- Supreme Court of the United States

Decided June 13, 2005
- Full case name: Johnson v. California
- Citations: 545 U.S. 162 (more)

Holding
- A defendant satisfies the first step of Batson v. Kentucky by producing evidence sufficient to permit the trial judge to draw an inference that discrimination has occurred, and a state cannot adopt a "more likely than not" standard for this step.

Court membership
- Chief Justice William Rehnquist Associate Justices John P. Stevens · Sandra Day O'Connor Antonin Scalia · Anthony Kennedy David Souter · Clarence Thomas Ruth Bader Ginsburg · Stephen Breyer

= Johnson v.
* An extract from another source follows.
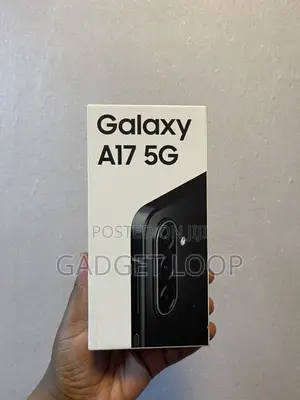 New Samsung Galaxy A17 128 GB Black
California (2005) =

Johnson v. California, , was a United States Supreme Court case in which the court held that a defendant satisfies the first step of Batson v. Kentucky by producing evidence sufficient to permit the trial judge to draw an inference that discrimination has occurred, and a state cannot adopt a "more likely than not" standard for this step.

==Background==

Johnson, a Black man, was convicted in a California state court of assaulting and murdering a white child. During jury selection, a number of prospective jurors were removed for cause until 43 eligible jurors remained, three of whom were Black. The prosecutor used 3 of his 12 peremptory challenges to remove the prospective Black jurors, resulting in an all-white jury. Defense counsel objected to those strikes on the ground that they were unconstitutionally based on race. The trial judge did not ask the prosecutor to explain his strikes but instead simply found that petitioner had failed to establish a prima facie case of purposeful discrimination under the governing state precedent, People v. Wheeler, which required a showing of a strong likelihood that the exercise of peremptory challenges was based on group bias. The judge explained that, although the case was close, his review of the record convinced him that the prosecutor's strikes could be justified by race-neutral reasons.

The California Court of Appeal set aside the conviction, but the California Supreme Court reinstated it, stressing that Batson v. Kentucky permitted state courts to establish the standards used to evaluate the sufficiency of prima facie cases of purposeful discrimination in jury selection. Reviewing Batson, Wheeler, and later cases, the court concluded that Wheelers "strong likelihood" standard is entirely consistent with Batson. Under Batson, the court held, a state court could have required the objector to present not merely enough evidence to permit an inference that discrimination has occurred, but sufficiently strong evidence to establish that the challenges, if not explained, were more likely than not based on race. Applying that standard, the court acknowledged that the exclusion of all three Black prospective jurors looked suspiciou, but deferred to the trial judge's ruling.

The Supreme Court granted certiorari.

==Opinion of the court==

The Supreme Court issued an opinion on June 13, 2005.